Из газеты "Русский курьер" за 15 октября 2004 года я узнала, что Эфрон, "удивительно приятный" и "не агрессивный" человек, оказывается, был (стал) агентом НКВД. Цветаева не могла не знать об этом. Он, нигде не работал, а каждый месяц приносил домой очень "приличную зарплату". - "Белый был - красным стал: // Кровь обагрила. Красным был - белый стал: // Смерть побелила". "Кто ты? - белый? - не пойму! - привстань! // Аль у красных пропадал? - Ря - азань".

Когда мужа Цветаевой расстреляли, а дочь посадили в тюрьму (как когда-то посадили в тюрьму и сына Ахматовой - Льва), Цветаева помыкалась, помыкалась в Москве, пробовала заниматься переводами стихов, потом уехала в Елабугу, работала там посудомойкой в столовой. А 31 августа 1941 года, меньше чем за месяц до того, как ей исполнится 49 лет, она повесилась в сарае, накинув себе на шею "пеньковый венец".

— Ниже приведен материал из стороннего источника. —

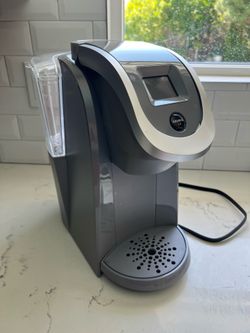 Keurig 2.0 K-200 + FREE coffee pod carousel holder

Сын Цветаевой Мур (Георгий) не пошел хоронить свою мать. Когда он узнал, что она повесилась, он сказал: "Я могу только одобрить ее". И никто не знает, где в Елабуге на кладбище могила Цветаевой. И не придет к этой могиле прототип ее стихов - "прохожий", поклонник ее творчества, и не остановится и не постоит около нее, "главу опустив на грудь", и не возложит к ногам Марины букет из желтой куриной слепоты и красных маков. Но все кладбище теперь - ее могила. А сама она - в горних высях и в Большой Литературе, как и Ахматова.

 

 

3. ТАТЬЯНА БЕК

 

Меня всегда восхищали рифмующие женщины, которые, раз вступив на литературный путь, уже никогда не сворачивали с него и шли по нему всю жизнь. Такими женщинами, такими примерами, такими маяками в поэзии для меня были Анна Ахматова и Марина Цветаева. Такой женщиной из поэтов моего поколения, которое критики называют "потерянным", стала для меня Татьяна "с иноземной фамилией Бек, обрусевшей по воле" Петра. Дочка писателя Александра Бека, она как вступила на литературный путь еще в детстве, когда написала свои первые стихи, так и идет по нему всю жизнь, и никуда не сворачивает. Идет и идет и идет. И пишет и пишет и пишет. Сколько поэтесс этого поколения, рифмующих женщин, талантливых, подающих большие надежды, вступило на этот путь в одно время с нею... Но где они теперь? Их нет. Они сошли с дистанции. Повыходили замуж, понарожали детей, ушли с головой в семейную жизнь, в семейные проблемы и бросили писать стихи. Литературный путь - это не прогулочная аллея в компании приятных людей, усыпанная цветами и со скамейками по двум сторонам, - это трудный марафонский путь с барьерами, он требует от человека не только искры Божьей, но и высокого служения литературе, и безграничной преданности ей, и упорства, и выносливости, и силы воли, и "безумной отваги", и целеустремленности, и самоотверженности и самоотречения во имя нее, отказа от многих соблазнов и удовольствий жизни, и от личного счастья, и он далеко не всем по силам, даже и мужчинам, не то что женщинам, о которых поэтому и говорят, что они не могут быть гениями в литературе. Из поэтесс он по силам только Брунхильдам. И такой Брунхильдой, таким Бонапартом в юбке является Татьяна Бек, фамилия которой не зря ассоциируется со словом "бег". Бек не только не сошла со своей дистанции, а идет по ней, набирая силу от книги к книге и не думает, кто она - гений или не гений, она делает свое дело и все, потому что она не может жить без поэзии (без всего другого, без чего не могут жить простые женщины, - может, а без поэзии - нет):

 

Мне ли думать о титулах гения?

Но, в избытке безумной отваги,

Я рифмую свои наблюдения

На оберточной грубой бумаге.

 

Кстати, рифмует она виртуозно. Из поэтесс ни у кого нет таких блистательных рифм, как у нее, даже у Ахматовой и Цветаевой. Чего стоят, допустим, эти: Кафка - безрукавка, переименует - минyет, пошива - препаршиво, изгоя - из горя, Иллинойса - или несся, шарф - штраф, калuки - клики, покаяния - пока я не я ...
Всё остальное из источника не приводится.